**** The data ****

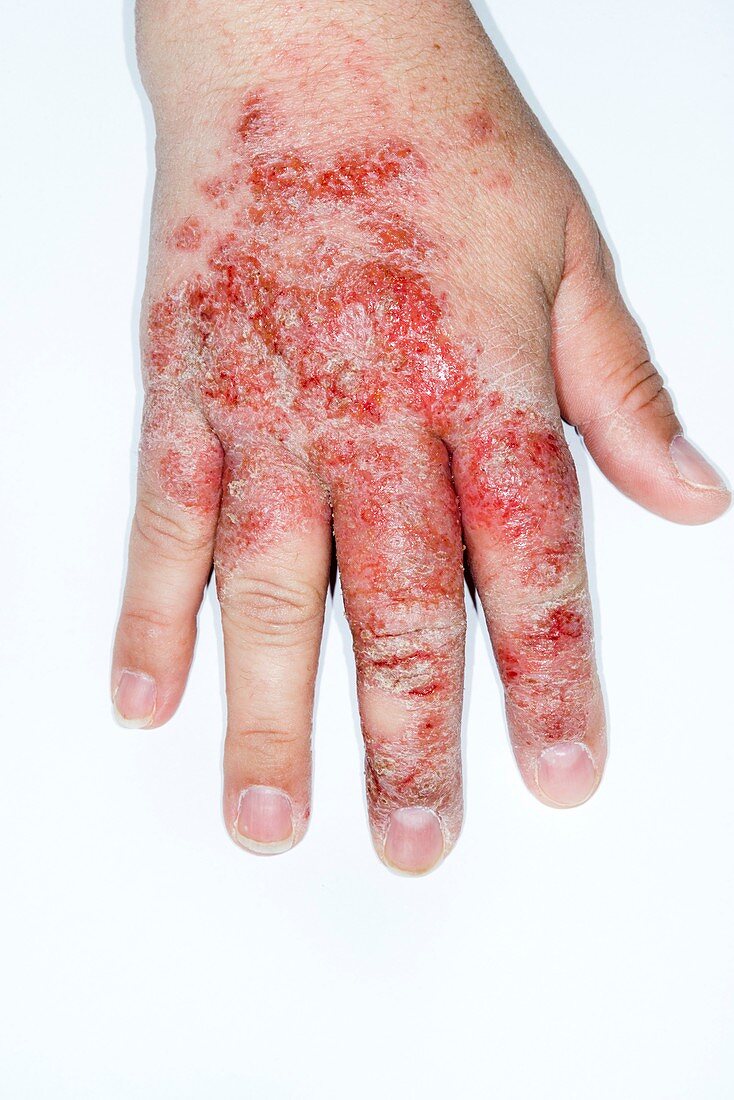 Infected eczema of the hand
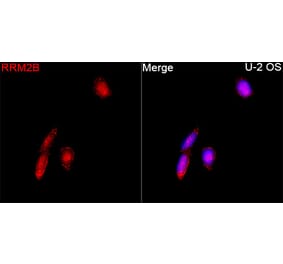 Immunofluorescence - Anti-p53R2 Antibody (A16042) - Antibodies.com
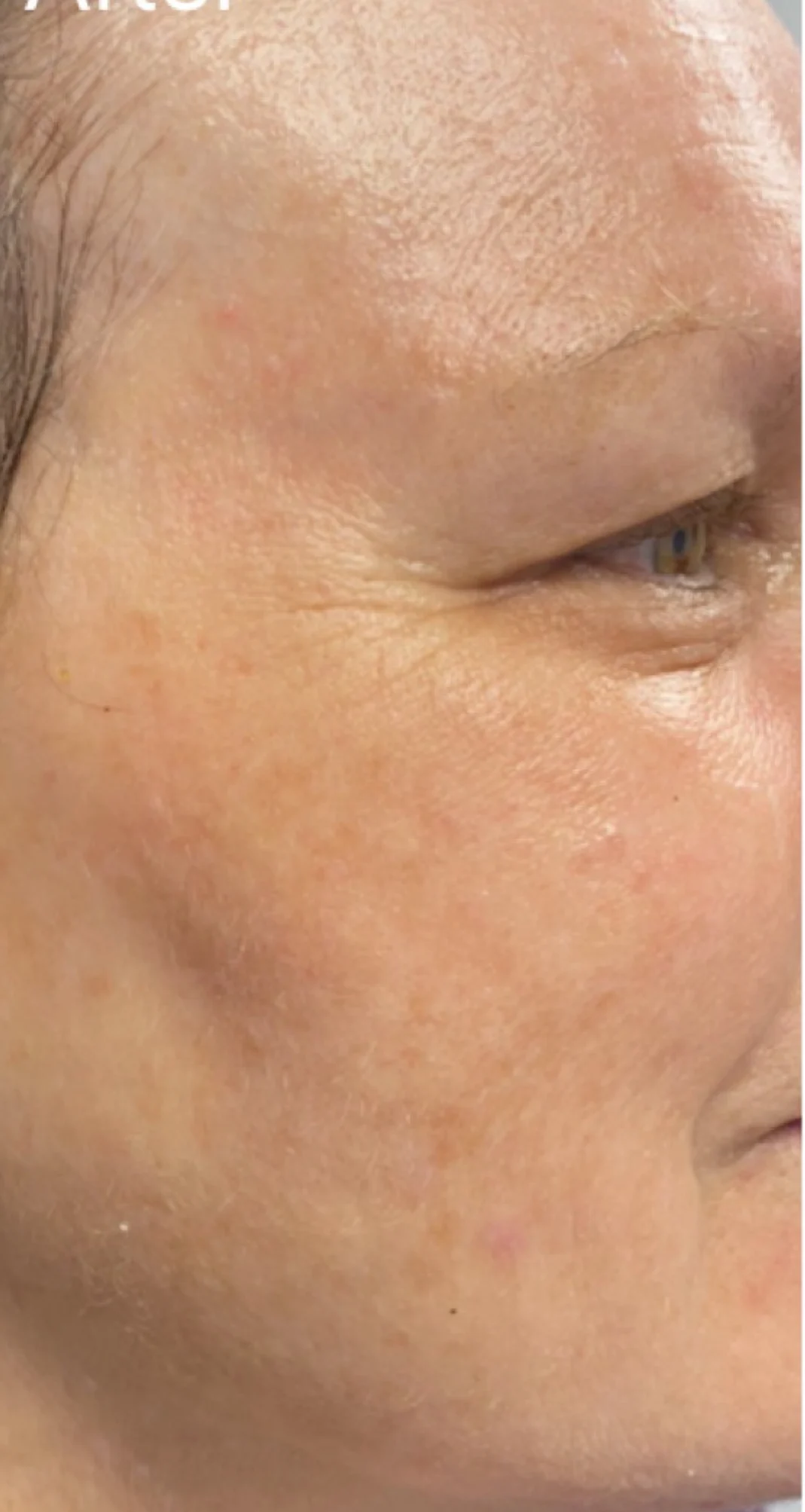After treatment 3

****

◆ **Exercise**
Output, exactly and without pictures, the span of lines that starts at the line containing "Immunofluorescence - Anti-p53R2" and ends at the last line above.

◆ **Written solution**
 Immunofluorescence - Anti-p53R2 Antibody (A16042) - Antibodies.com
After treatment 3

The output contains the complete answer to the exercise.